This is a proposal for addressing the following time-permitting item from the charter:
Reconcile various forms of string literals: at the moment we have plain literals, rdf:plainLiteral, and xsd:string literals. They are very very close to one another but they are officially different. In practice this means that, eg, SPARQL queries have to have a three branch UNION to handle all of these. Worth looking at some sort of a reconciliation of these.
This is ISSUE-12.
- RDF Concepts puts more emphasis on the distinction between (syntactic) “literal equality” and (semantic) “value equality”
- RDF Concepts explicitly points out the string value equalities that already arise from RDF Semantics
- RDF Concepts declares one of the forms—plain literals—as canonical
- Implementations MAY canonicalize, but don't have to.
- No changes to the abstract syntax required
- No changes to any concrete syntax or parser required
- No changes to any implementations of any of the existing entailment regimes required
- Those who are ok with canonicalization can do that, and don't need to deal with entailment
- Those who don't want to canonicalize, have the option of supporting only string value equality at query time, without RDFS- and D-Entailment
- “MAY canonicalize” softly discourages the use of xsd:string typed literals, without abolishing them or declaring them archaic
Changes to RDF Concepts
For reference, the current text:
- Section 6.5.2 The Value Corresponding to a Typed Literal
- Section 6.5.1 Literal Equality
- Section 6.3 Graph Equivalence
Changes to Section 6.5.2 The Value Corresponding to a Typed Literal
§1 Rename it to “6.5.1 The Value Corresponding to a Literal” and move it ahead of 6.5.1
§2 Add to the beginning: “The value of a plain literal without language tag is the same Unicode string as its lexical form.
The value of a plain literal with language tag is a pair consisting of 1. the same Unicode string as its lexical form, and 2. its language tag.
For typed literals, …” (continue with rest of section as is)
§3 Remove the Note at the end of the section
Changes to Section 6.5.1 Literal Equality
§4 Rename section to “6.5.2 Literal Equality and Canonical Forms”
§5 Add to the beginning: “Equality of literals can be evaluated based on their syntax, or based on their value.”
§6 Change “Two literals are equal …” to: “Two literals are syntactically equal …” in the current first paragraph
§7 Add to the end: “In application contexts, comparing the values of literals (see section 6.5.1) is usually more helpful than comparing their syntactic forms.

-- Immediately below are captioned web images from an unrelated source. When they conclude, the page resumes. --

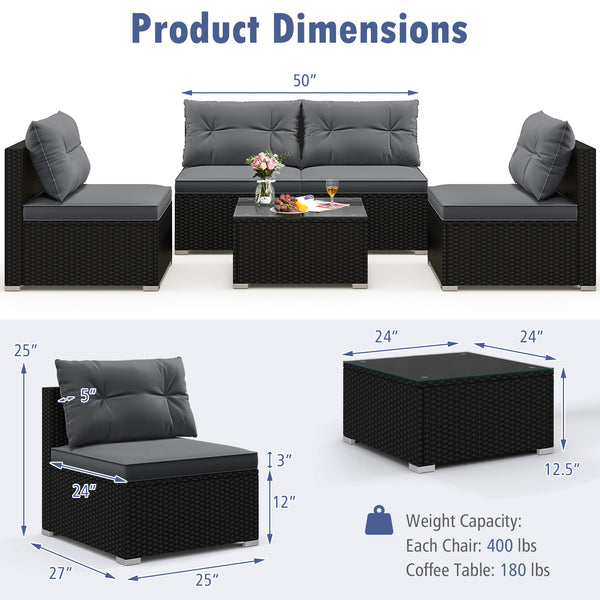 Rustproof steel frame for better outdoor adaptability<br>Durable black PE wicker for sun protection and fade resistance<br>Ensure strong stability thanks to its sturdy construction<br>Can be placed on different grounds with adjustable raised foot pads<br>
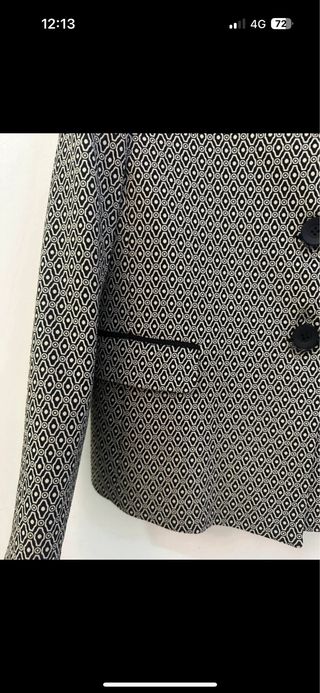 Giacca donna fantasia bianco e nero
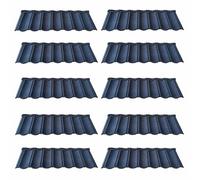 Tejas Metálicas para Techos, Paneles de Techo de Chapa de Acero Galvanizado Corrugado, Tejas Resistentes, Kits Grandes de Cochera de Basalto para Garajes, Cobertizos, Establos(Blue,20pcs)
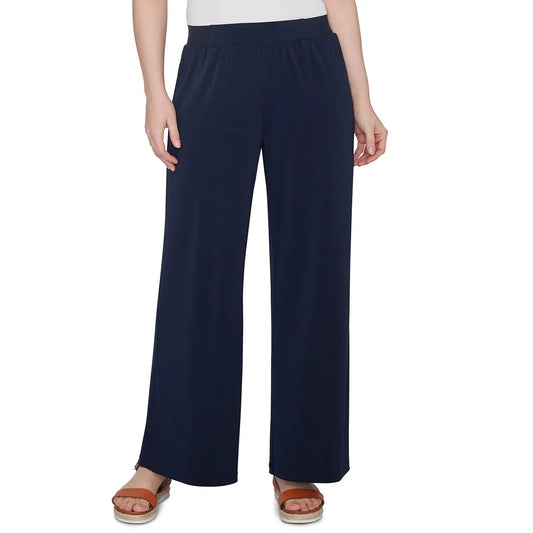 Crepe Stretch Wide Leg Pants Navy- Ruby Rd
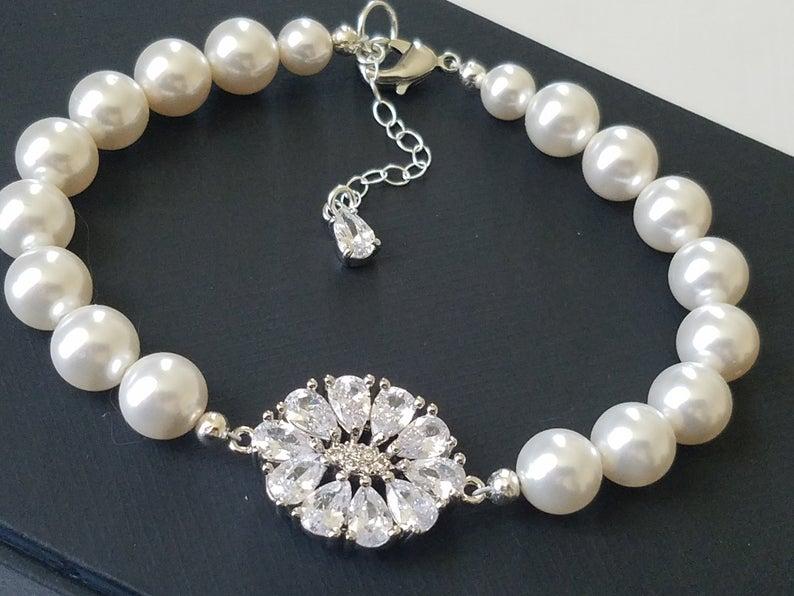 Mariage - Pearl Bridal Bracelet, Swarovski White Pearl Cubic Zirconia Bracelet, Wedding Bracelet, Bridal Jewelry, Vintage Style, Bridal Party Gift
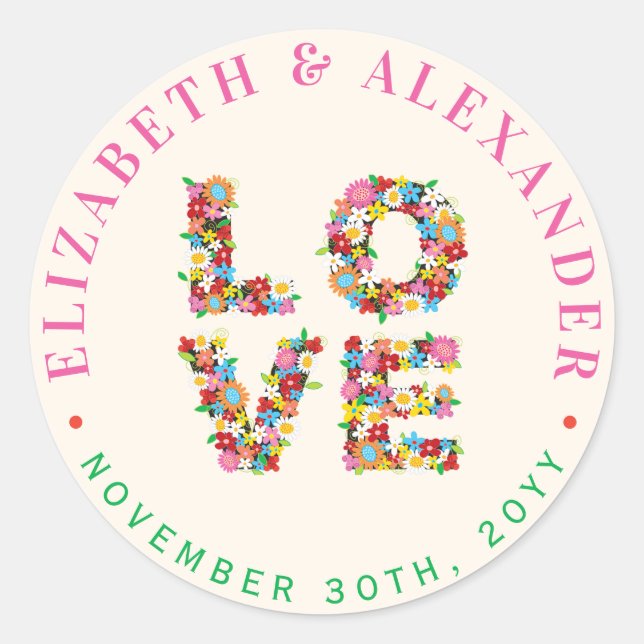 LOVE Spring Flowers Garden Chic Wedding Stickers (Front)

Literals with different lexical forms and with different datatypes can have the same value. In particular:
- A plain literal with lexical form aaa and no language tag has the same value as a typed literal with lexical form aaa and datatype IRI xsd:string
- A plain literal with lexical form aaa and no language tag has the same value as a typed literal with lexical form aaa@ and datatype IRI rdf:PlainLiteral
- A plain literal with lexical form aaa and language tag xx has the same value as a typed literal with lexical form aaa@xx and datatype IRI rdf:PlainLiteral”

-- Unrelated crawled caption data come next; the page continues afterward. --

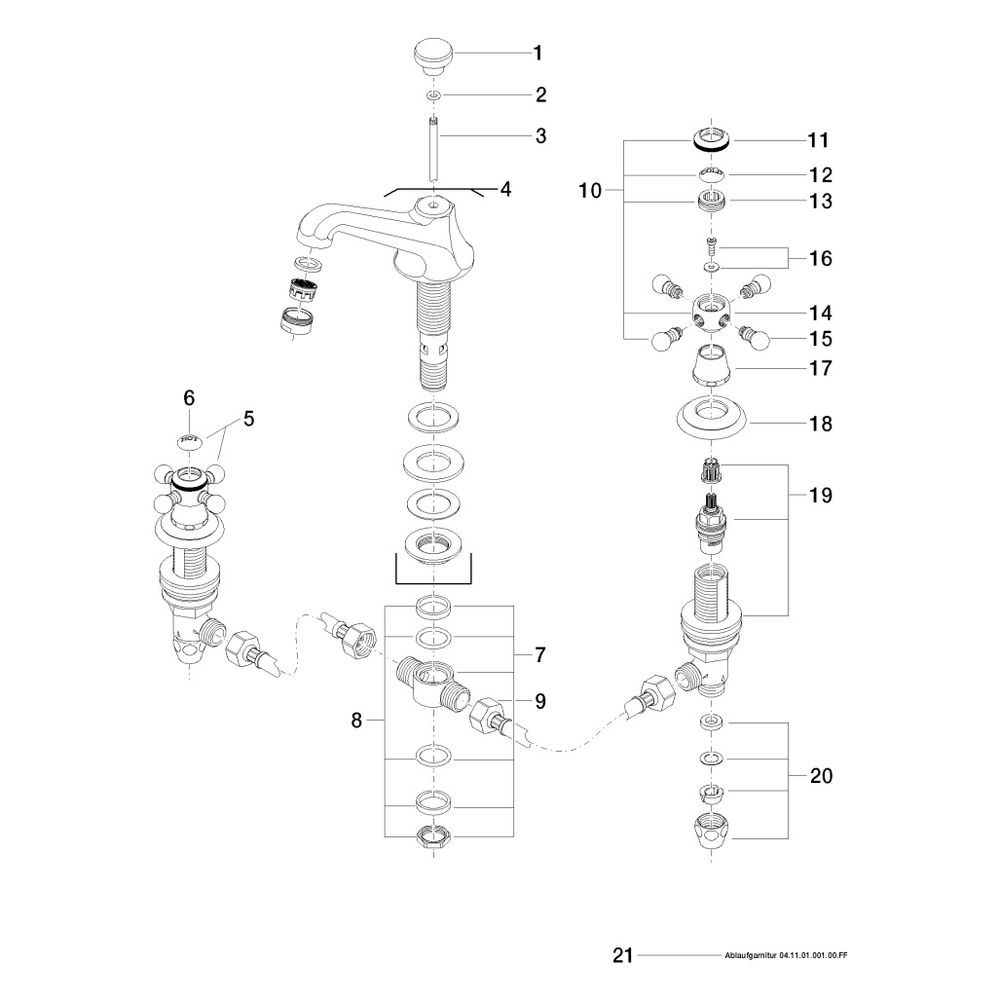 Dornbracht Waschtisch-Dreilochbatterie Madison mit Ablaufgarnitur, Ausladung 13... DORNBRACHT-20700360-08 4029011188077 (Abb. 5)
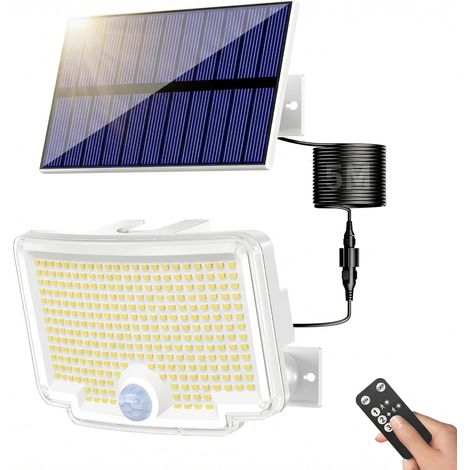 Lampe Solaire Extérieur Detecteur de Mouvement【310 LED/3Mode/Angle d'éclairage 270 °】, Lumiere Solaire Extérieure avec Télécommande, Étanche Eclairage Exterieur Solaire avec Câble de 5M 2 pièce (1/5)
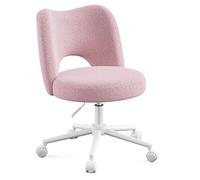 Klyvvo Sedia Scrivania con Ruote, Sedia Trucco con Traspirante Teddy, Regolabile in Altezza, Adatto per Ufficio, Camera, Come Regalo per la Famiglia, 150kg, Rosa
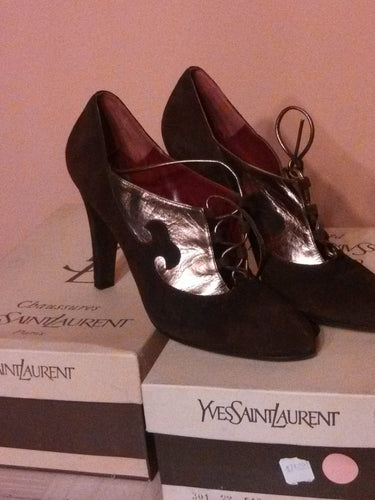 YSL Heels // Yves Saint Laurant Shoes // Suede Heels // Made in Italy // Size 7 1/2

§8 “Some literals are canonical forms. Implementations MAY replace any literal with a canonical form if both are syntactically different, but have the same value. All plain literals, with or without language tag, are canonical forms.”
Changes to Section 6.3 Graph Equivalence
§9 Append this leftover sentence, which was removed from 6.5.1: “Note: For comparing RDF Graphs, semantic notions of entailment (see [RDF-SEMANTICS]) are usually more helpful than the syntactic equivalence defined here.”

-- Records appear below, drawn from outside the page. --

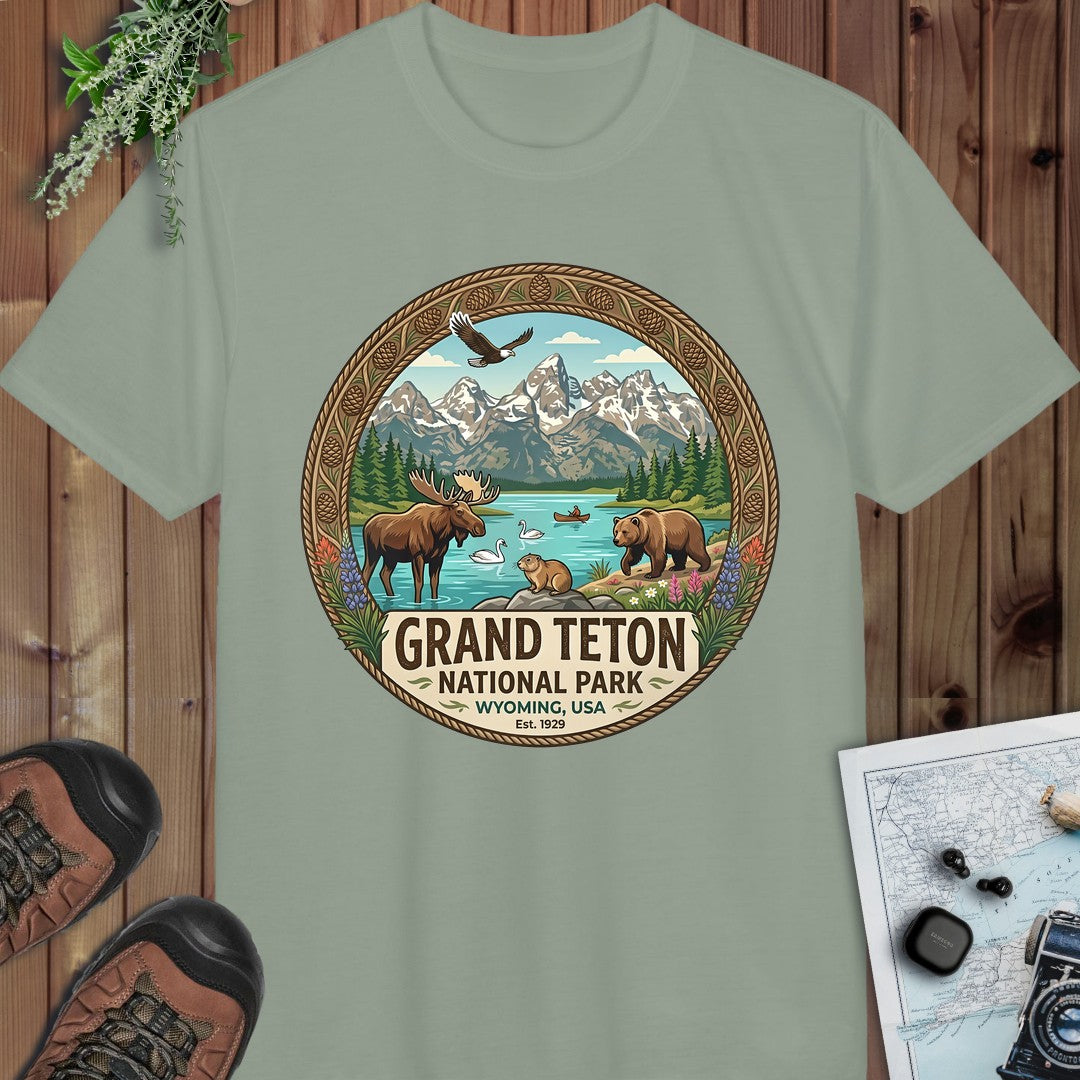 Grand Teton National Park Emblem Performance T-Shirt in Sage
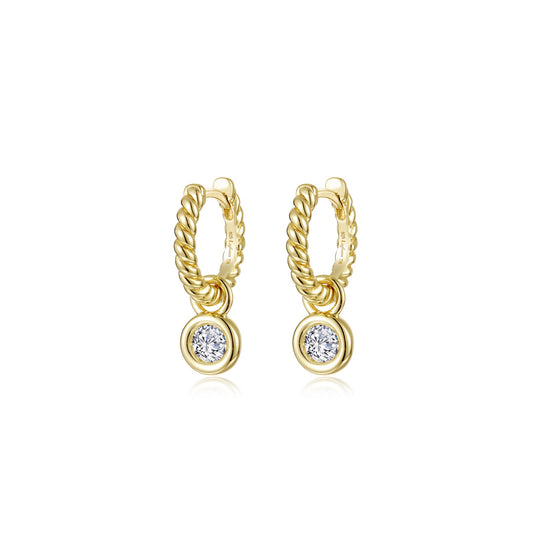 Lafonn Cordelia Bezel Charm Huggie Earrings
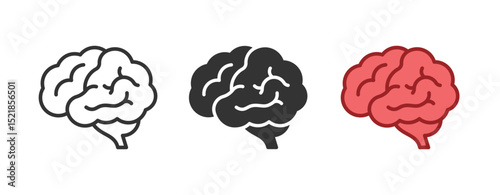 Brain icon. Line, outline and flat human brains. Intelligence, thought and psychology, cognition and brain health, startup symbol. Creative vector emoji and logo design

Extending this to other XSD literals???
(While we're at it, we might also cover equalities between the built-in numeric XSD types, and between different lexical forms of the same built-in XSD datatype.)
- Possible weaker statement of §8, assuming we don't want to extend this to other literals besides strings: “Implementations MAY replace xsd:string typed literals and rdf:PlainLiteral typed literals with a plain literal that has the same value.”